Just as our students must have the right to read, broadly and with choice, they also must have the right to write. Our job is to help our students “find their words,” to guide them
“[t]hrough the often messy process of writing. . .[as they] develop strategies to help them come to understand lessons within the curriculum as well as how their language and ideas can be used to communicate, influence, reflect, explain, analyze, and create.”
–NCTE Beliefs about the Students’ Right to Write
The magic of writing, as the Voices from the Middle Facebook Live Event with Penny Kittle so aptly demonstrates, is connection to self. We can’t deny students this.

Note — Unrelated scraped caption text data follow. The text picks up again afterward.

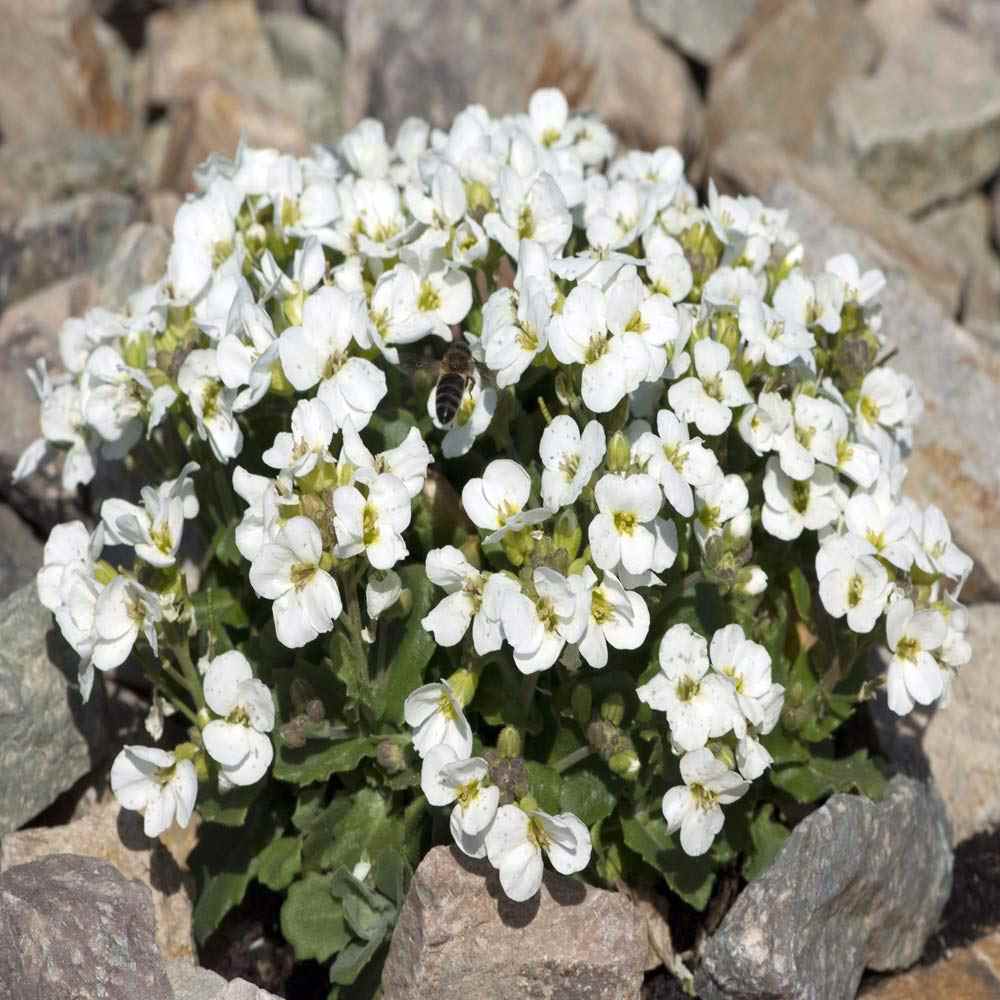 ARABIS ALPINA White Rockcress- Rock Cress Flowering Perennial 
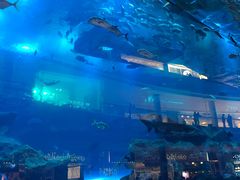 -迪拜水族馆及水下动物园
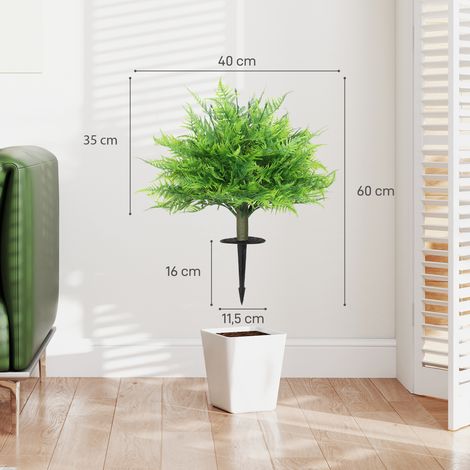 affen pflanze monstera Monstera Monkey Leaf – Fensterblatt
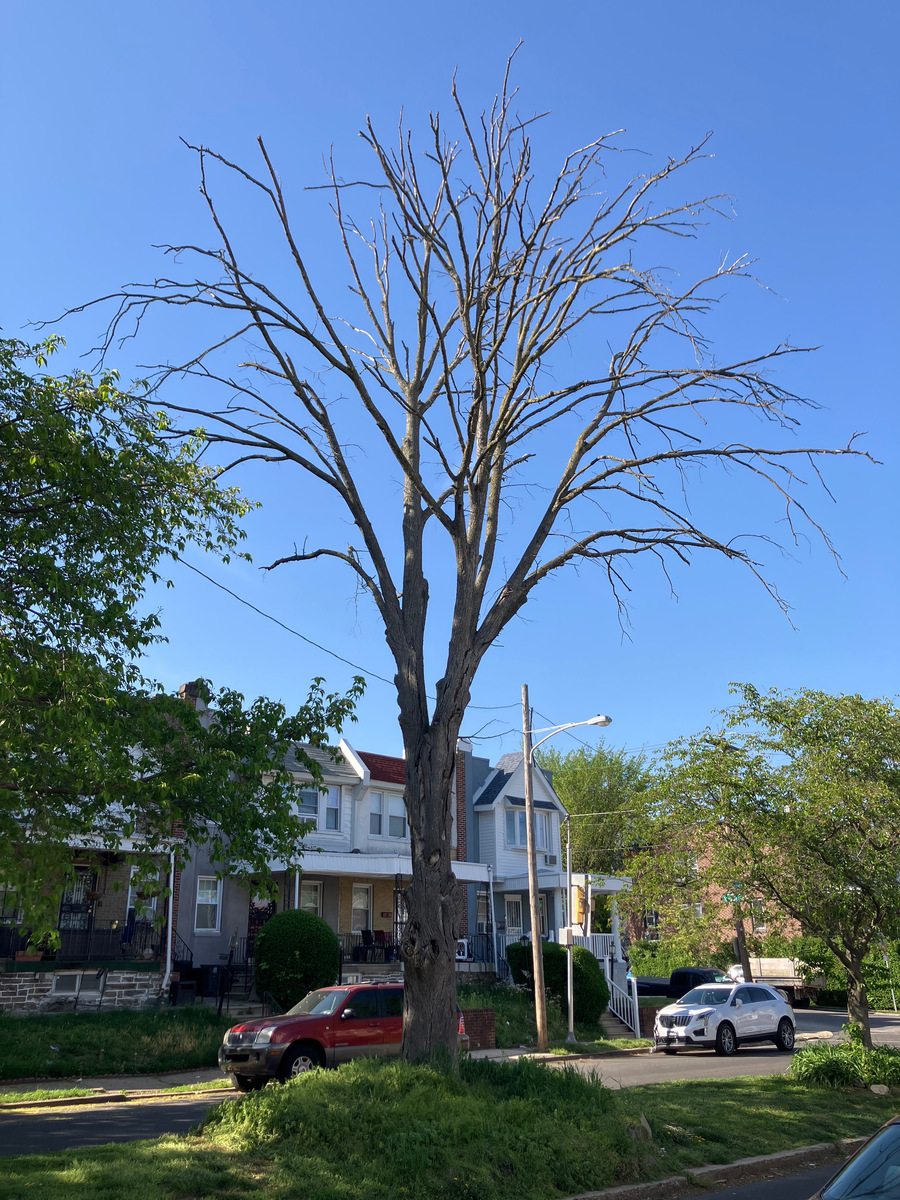 Photographic documentation of the work as submitted to the city's 311 record.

“Andrea Davis Pinkney’s Speakerly Texts: Models for Young Writers” points out the importance of having students analyze the language used by Andrea Pinkney in Sojourner Truth’s Step-Stomp Stride, for example, to learn that
“All good writers think very carefully about the choices they make . . . in order to express their ideas in ways that are most powerful and true.”
In her 1995 CCC article “Freedom, Form, Function: Varieties of Academic Discourse,” Lillian Bridwell-Bowles claims academic writing still needs the upset and complement of alternate writing:
“writing that is not always about later, about jobs and careers, but writing that is about themselves as people, as individuals and citizens of various communities.”